**WORKING DATA:**
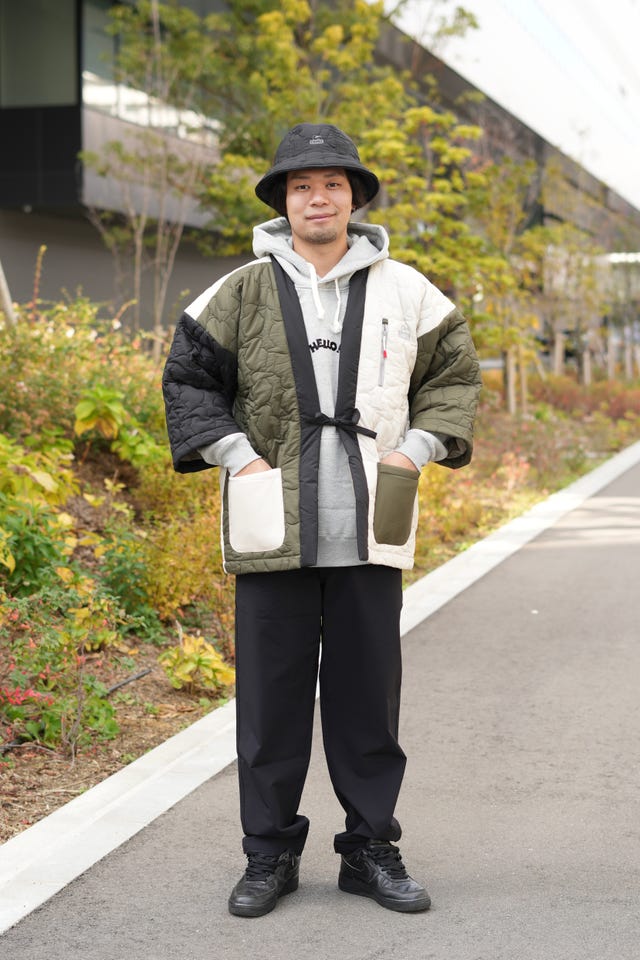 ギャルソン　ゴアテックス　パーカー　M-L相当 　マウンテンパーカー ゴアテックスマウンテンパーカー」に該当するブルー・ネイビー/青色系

==

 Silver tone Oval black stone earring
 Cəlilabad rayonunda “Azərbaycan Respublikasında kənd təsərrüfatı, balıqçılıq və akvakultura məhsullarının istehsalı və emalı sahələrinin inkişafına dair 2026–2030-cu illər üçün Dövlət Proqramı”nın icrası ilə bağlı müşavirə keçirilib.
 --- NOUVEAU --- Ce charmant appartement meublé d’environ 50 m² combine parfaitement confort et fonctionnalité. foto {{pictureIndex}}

==

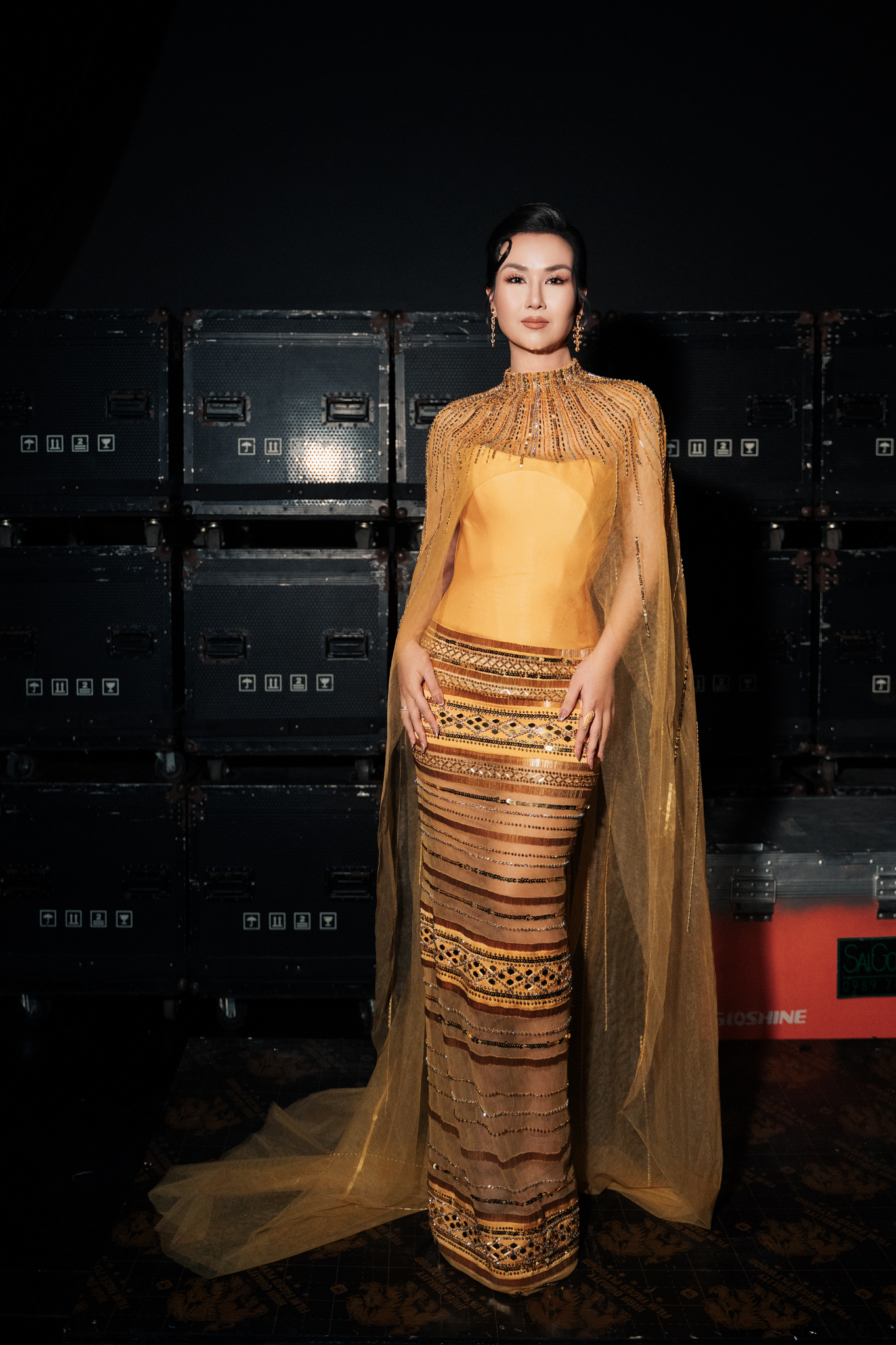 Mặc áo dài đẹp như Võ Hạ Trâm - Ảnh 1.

**TASK INSTRUCTIONS:**
Beginning with the line above that contains "bağlı müşavirə keçirilib.", copy each line exactly up to and including the line that contains "--- NOUVEAU --- Ce", and go no further.

**RESULT OF THE EXERCISE:**
 Cəlilabad rayonunda “Azərbaycan Respublikasında kənd təsərrüfatı, balıqçılıq və akvakultura məhsullarının istehsalı və emalı sahələrinin inkişafına dair 2026–2030-cu illər üçün Dövlət Proqramı”nın icrası ilə bağlı müşavirə keçirilib.
 --- NOUVEAU --- Ce charmant appartement meublé d’environ 50 m² combine parfaitement confort et fonctionnalité. foto {{pictureIndex}}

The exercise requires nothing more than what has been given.